Her husband received hundreds of thousands by the company that posted the photos of the Most Wanted Tibetan activists on their internet page.

An Internet user reads the Yahoo website in Beijing, which contains a list and photos of what the Chinese government called “The 19 most-wanted Lhasa rioters”, vowing to punish those responsible for last week’s violence in the Tibetan capital of Lhasa. (Peter Parks/Marketplace)

The Los Angeles Times today reported on the latest Clinton controversy.
Bill Clinton was paid hundreds of thousands of dollars from a Chinese company that is helping the communist government crack down on Tibetan activists.

NEW YORK — As Chinese authorities have clamped down on unrest in Tibet and jailed dissidents in advance of the 2008 Olympics, Sen. Hillary Rodham Clinton has taken a strong public stance, calling for restraint in Tibet and urging President Bush to boycott the Olympics opening ceremonies in Beijing.

But her recent stern comments on China’s internal crackdown collide with former President Bill Clinton’s fundraising relationship with a Chinese Internet company accused of collaborating with the mainland government’s censorship of the Web.
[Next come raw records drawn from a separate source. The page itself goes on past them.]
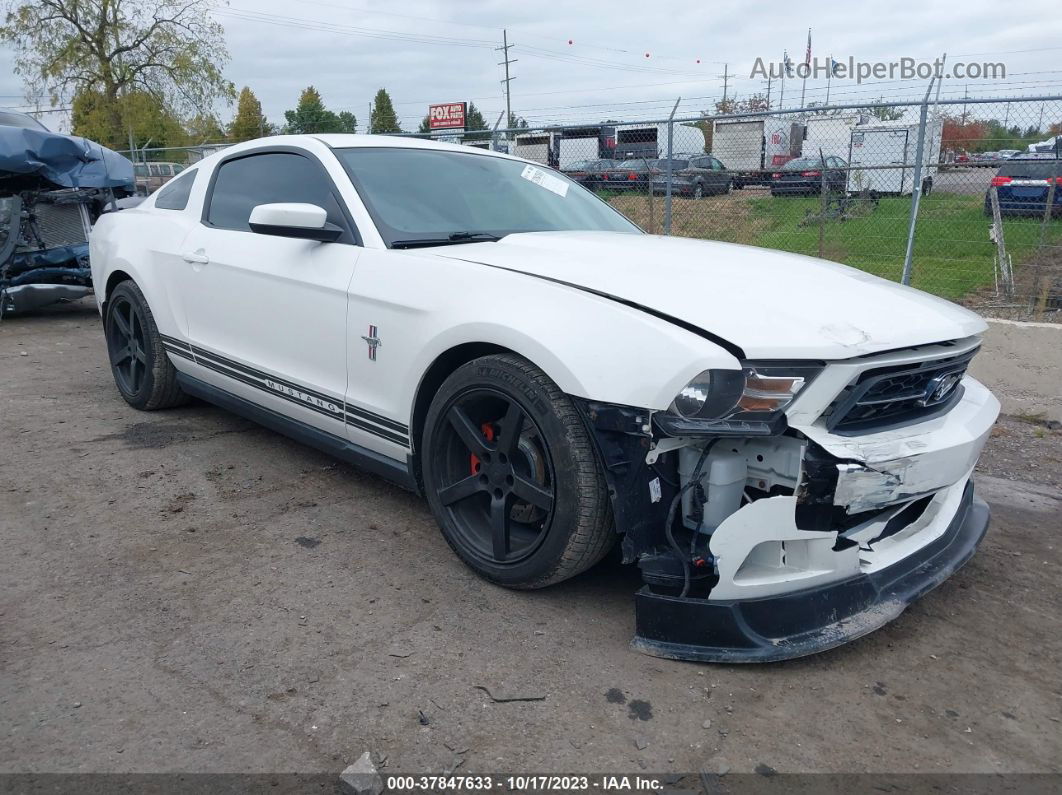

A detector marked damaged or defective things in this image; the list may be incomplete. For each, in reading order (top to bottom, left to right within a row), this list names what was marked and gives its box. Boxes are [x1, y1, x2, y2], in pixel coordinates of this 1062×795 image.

wrecked blue car [0, 108, 133, 314]
damaged front end [1, 121, 133, 314]
exposed headlight housing [662, 365, 819, 435]
damaged front end [577, 337, 998, 662]
damaged front bumper [628, 479, 985, 662]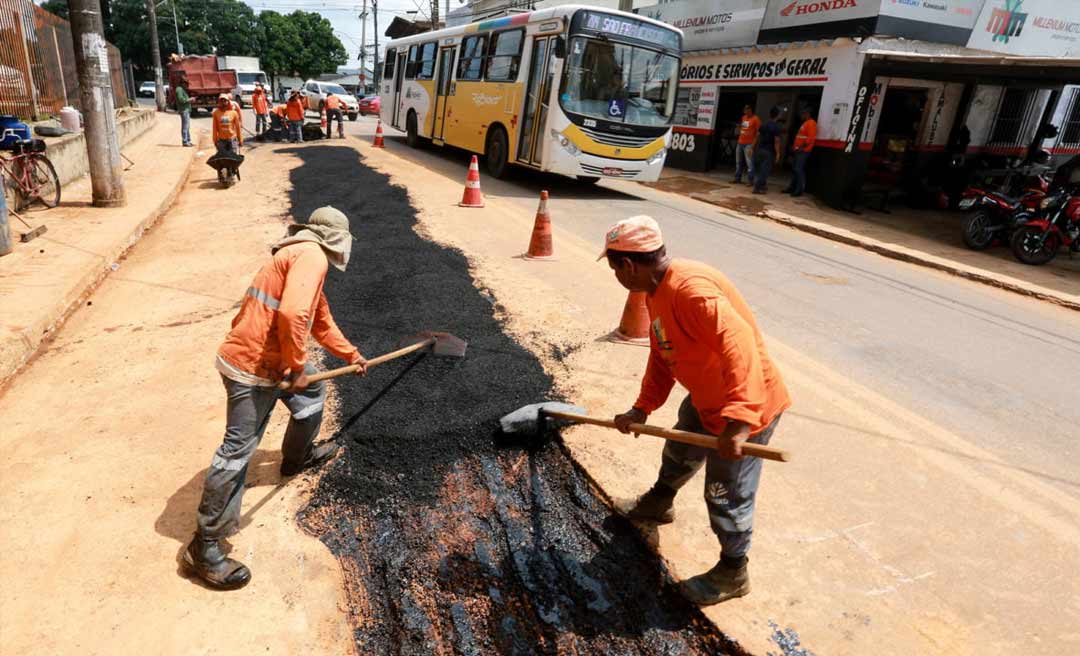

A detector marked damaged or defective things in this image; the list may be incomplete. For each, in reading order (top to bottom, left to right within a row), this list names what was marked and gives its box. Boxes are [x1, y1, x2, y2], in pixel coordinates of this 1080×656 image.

fresh asphalt patch [285, 148, 743, 656]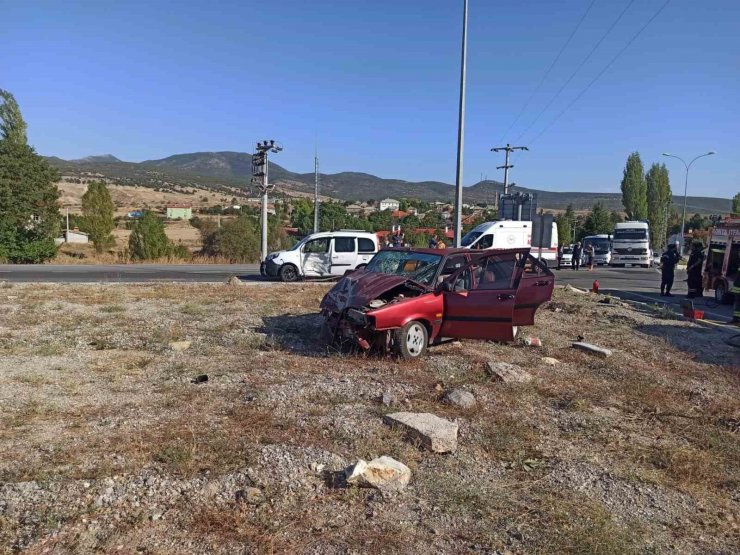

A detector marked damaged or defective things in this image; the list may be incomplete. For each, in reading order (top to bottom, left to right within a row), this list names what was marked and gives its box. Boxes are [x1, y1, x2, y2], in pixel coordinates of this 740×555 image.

shattered windshield [362, 251, 442, 286]
crumpled hood [320, 272, 428, 314]
wrecked red car [320, 249, 556, 360]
Last month, the firm, Alibaba Inc., carried a government-issued “most wanted” posting on its Yahoo China homepage, urging viewers to provide information on Tibetan activists suspected of stirring recent riots.
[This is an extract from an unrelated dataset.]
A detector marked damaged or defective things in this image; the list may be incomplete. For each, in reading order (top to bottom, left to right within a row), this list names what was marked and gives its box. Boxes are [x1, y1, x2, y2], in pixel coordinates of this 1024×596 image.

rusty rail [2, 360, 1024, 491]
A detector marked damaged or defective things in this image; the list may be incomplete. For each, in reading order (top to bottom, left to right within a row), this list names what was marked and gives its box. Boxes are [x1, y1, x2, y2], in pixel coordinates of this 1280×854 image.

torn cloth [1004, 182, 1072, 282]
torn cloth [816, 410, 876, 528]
Alibaba, which took over Yahoo’s China operation in 2005 as part of a billion-dollar deal with the U.S.-based search engine, arranged for the former president to speak to a conference of Internet executives in Hangzhou in September 2005. Instead of taking his standard speaking fees, which have ranged from $100,000 to $400,000, Clinton accepted an unspecified private donation from Alibaba to his international charity, the William J. Clinton Foundation.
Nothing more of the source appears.